ARTICLE IV. OFFICERS AND GOVERNMENT
Section 1. The Society shall be governed by a Board of Directors, comprised of a president, vice-president, secretary, treasurer (collectively, the “Officers”), and up to eight members-at-large.
They shall be elected for terms of two years by majority vote at an annual meeting or by appointment as determined by a majority vote of the Board. The terms shall be staggered so that no more than half of the directors will leave office at one time. The Board of Directors shall conduct all affairs of the Society.
Section 2. A committee on nominations, appointed by the president, shall select the slate of candidates. Nominations may also be made by any member of the Society prior to the balloting at the annual meeting.
Section 3. There shall be no term limits established for directors.
Section 4. Directors shall be elected at the annual meeting in the fourth quarter of each year and shall begin their term January first (1st) of the following year. In the event of resignation or incapacity of any director, except the president, the vacancy may be filled by a vote of the Board of Directors for the unexpired term of office. In the case of the president, the vice-president shall complete the remainder of the term. If any director fails to attend three consecutive board meetings of the Board of Directors without legitimate cause, they may be removed from office and an interim replacement shall be appointed by the Board of Directors for the remainder of the term. All members are eligible to vote at the annual meeting and must be in attendance to do so unless prior arrangements are made with the FOOA Board.
Section 5. A candidate for election to the Board of Directors shall be a member of the Society.
Section 6. The president shall supervise the activities of the Society within the scope provided by the constitution and bylaws.

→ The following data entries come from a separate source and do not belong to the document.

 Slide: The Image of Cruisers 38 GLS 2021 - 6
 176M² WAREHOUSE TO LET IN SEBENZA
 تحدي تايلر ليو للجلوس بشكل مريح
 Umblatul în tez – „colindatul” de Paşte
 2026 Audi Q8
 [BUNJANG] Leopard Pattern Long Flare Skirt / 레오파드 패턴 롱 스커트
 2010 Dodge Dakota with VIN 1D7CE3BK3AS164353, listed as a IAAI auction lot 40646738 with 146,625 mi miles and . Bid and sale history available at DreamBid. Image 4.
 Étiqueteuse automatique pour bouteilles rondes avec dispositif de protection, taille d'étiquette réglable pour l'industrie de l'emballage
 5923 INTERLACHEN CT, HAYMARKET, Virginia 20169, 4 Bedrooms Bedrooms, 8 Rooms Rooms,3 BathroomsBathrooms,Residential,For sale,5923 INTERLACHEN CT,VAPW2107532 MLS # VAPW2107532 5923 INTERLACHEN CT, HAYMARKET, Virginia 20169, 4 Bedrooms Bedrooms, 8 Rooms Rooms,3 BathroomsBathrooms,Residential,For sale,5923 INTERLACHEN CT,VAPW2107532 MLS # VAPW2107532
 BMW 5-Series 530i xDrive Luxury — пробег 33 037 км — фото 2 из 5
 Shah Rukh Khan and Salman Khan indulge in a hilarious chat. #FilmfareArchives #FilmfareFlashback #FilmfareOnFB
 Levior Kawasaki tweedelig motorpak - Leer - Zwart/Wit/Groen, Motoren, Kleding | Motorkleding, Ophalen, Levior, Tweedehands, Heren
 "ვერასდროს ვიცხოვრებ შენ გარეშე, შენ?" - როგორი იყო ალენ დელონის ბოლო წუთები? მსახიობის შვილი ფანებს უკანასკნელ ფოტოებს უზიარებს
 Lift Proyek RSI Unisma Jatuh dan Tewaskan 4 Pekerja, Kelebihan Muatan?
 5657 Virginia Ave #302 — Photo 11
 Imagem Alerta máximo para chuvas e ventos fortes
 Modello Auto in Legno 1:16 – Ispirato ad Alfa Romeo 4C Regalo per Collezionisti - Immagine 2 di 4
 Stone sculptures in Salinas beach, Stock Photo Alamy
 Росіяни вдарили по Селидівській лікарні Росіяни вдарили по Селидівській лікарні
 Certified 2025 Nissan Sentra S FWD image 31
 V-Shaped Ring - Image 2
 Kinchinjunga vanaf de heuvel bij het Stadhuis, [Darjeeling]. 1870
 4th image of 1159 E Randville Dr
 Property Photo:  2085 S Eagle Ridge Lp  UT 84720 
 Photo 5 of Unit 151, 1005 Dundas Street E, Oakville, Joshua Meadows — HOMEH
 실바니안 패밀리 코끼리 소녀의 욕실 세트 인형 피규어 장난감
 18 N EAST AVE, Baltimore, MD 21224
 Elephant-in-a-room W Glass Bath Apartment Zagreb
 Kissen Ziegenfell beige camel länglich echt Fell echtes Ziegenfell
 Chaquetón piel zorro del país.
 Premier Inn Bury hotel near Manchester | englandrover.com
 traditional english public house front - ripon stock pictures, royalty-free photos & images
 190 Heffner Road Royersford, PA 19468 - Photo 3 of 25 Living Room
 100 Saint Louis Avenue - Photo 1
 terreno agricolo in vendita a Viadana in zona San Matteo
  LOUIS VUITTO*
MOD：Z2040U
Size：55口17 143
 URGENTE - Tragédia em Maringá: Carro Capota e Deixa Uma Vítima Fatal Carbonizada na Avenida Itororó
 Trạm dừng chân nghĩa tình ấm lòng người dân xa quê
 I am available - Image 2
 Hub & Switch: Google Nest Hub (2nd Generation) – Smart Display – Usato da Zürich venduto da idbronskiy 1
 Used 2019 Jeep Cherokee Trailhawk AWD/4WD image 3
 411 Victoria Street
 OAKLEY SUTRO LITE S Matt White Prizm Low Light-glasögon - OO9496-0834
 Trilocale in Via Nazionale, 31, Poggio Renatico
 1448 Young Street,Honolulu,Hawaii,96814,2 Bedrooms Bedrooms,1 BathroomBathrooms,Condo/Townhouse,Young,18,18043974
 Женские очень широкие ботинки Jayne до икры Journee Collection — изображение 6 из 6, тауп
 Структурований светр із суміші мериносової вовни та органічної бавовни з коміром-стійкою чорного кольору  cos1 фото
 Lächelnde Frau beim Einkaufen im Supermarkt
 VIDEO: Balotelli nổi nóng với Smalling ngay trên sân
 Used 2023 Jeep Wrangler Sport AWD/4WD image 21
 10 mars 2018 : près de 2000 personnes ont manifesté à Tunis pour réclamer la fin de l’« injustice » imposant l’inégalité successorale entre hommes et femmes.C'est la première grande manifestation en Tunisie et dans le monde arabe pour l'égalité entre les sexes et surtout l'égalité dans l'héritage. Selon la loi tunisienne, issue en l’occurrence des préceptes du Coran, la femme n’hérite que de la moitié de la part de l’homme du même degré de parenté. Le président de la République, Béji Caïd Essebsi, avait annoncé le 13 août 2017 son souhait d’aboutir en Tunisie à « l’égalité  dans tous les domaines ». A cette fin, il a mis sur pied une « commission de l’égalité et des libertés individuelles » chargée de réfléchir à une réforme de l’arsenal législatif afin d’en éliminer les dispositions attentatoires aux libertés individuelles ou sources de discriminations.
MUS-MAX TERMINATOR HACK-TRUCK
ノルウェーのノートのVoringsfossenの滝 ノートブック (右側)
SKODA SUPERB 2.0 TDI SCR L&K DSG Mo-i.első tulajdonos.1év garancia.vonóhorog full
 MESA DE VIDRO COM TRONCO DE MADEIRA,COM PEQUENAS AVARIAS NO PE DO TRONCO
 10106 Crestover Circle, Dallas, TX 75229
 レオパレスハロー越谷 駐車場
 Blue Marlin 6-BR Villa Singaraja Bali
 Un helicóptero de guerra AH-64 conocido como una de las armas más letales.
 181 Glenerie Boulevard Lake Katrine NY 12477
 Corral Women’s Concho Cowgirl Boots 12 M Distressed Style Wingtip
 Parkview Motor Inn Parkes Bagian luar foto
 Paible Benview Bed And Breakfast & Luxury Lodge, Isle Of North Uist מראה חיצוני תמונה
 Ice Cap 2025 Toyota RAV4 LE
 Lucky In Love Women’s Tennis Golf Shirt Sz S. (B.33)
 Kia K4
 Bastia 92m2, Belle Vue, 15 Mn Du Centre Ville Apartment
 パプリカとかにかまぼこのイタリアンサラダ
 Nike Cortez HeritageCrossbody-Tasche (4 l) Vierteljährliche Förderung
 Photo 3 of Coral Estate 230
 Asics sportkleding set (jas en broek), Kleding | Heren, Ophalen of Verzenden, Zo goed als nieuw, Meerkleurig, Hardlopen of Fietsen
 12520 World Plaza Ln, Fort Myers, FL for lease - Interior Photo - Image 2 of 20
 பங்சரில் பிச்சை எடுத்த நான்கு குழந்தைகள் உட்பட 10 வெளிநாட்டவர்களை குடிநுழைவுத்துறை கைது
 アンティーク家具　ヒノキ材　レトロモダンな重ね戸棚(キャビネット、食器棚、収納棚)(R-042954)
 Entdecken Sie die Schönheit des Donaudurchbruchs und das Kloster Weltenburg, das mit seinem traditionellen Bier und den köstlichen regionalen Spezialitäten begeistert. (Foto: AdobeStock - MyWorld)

The president, or in the absence of that officer, the vice-president shall preside at all meetings. The president shall report annually on the activities of the Society. The president shall appoint the chairpersons of committees not otherwise provided for and is a member ex officio of all standing committees. The president shall hold primary responsibility for internal and external correspondence, and share that responsibility with the secretary.
Section 7. The vice-president shall assume the duties of the president in the event of the absence, incapacity, or resignation of the president.
Section 8. The secretary shall keep minutes of the meetings of the Society and of the Board of Directors, and, at the president’s direction, share with the president the responsibility for correspondence.
Section 9. The treasurer shall be responsible for the safekeeping of funds and for maintaining accurate and up-to-date financial records.
a. The treasurer shall make timely deposits in a financial institution of all monies received in the name of the Society.
b. Monies shall be paid out by numbered checks signed by the treasurer and/or the president; checks of amounts $500 and above shall require the signature and/or the written authorization of both the treasurer and the president.
c. The treasurer shall render a report at each board meeting and at the annual meeting of the Society.
d. The treasurer shall have the authority to establish automatic payments for utilities.
e. A biennial independent review of the financial records of the Society shall be conducted by a third-party approved by the Board.
f. The treasurer shall be bonded.
Section 10. Standing Committees. The work of the Society will be undertaken by the following standing committees, each of which shall be under the leadership and direction of a chair, who shall also be a Board Member unless decided otherwise by the Board; some committees may require a co-chair:
a. The Membership Committee shall keep an accurate and updated record of all of the Society’s members, and shall delete from the membership roll the names of those whose dues are more than six months in arrears.
b. The Program Committee shall be responsible for the organization and presentation of programs throughout the year.
c. The Digital Archive Committee shall coordinate the collection and provide for the preservation and accessibility of historical records, images and photographs, relevant printed materials, and authentic material objects illustrative of life, conditions, and activities in the Annville community in the past and present. All official records of the Board of Directors shall be deposited with the Digital Archive Committee after they have served the current purposes of the Board.
d. The Media & Communications Committee shall coordinate all activities relating to publicity for and the external face of the Society, including public relations, press releases, social media, the Society’s website, and its bimonthly newsletter, The Landmark.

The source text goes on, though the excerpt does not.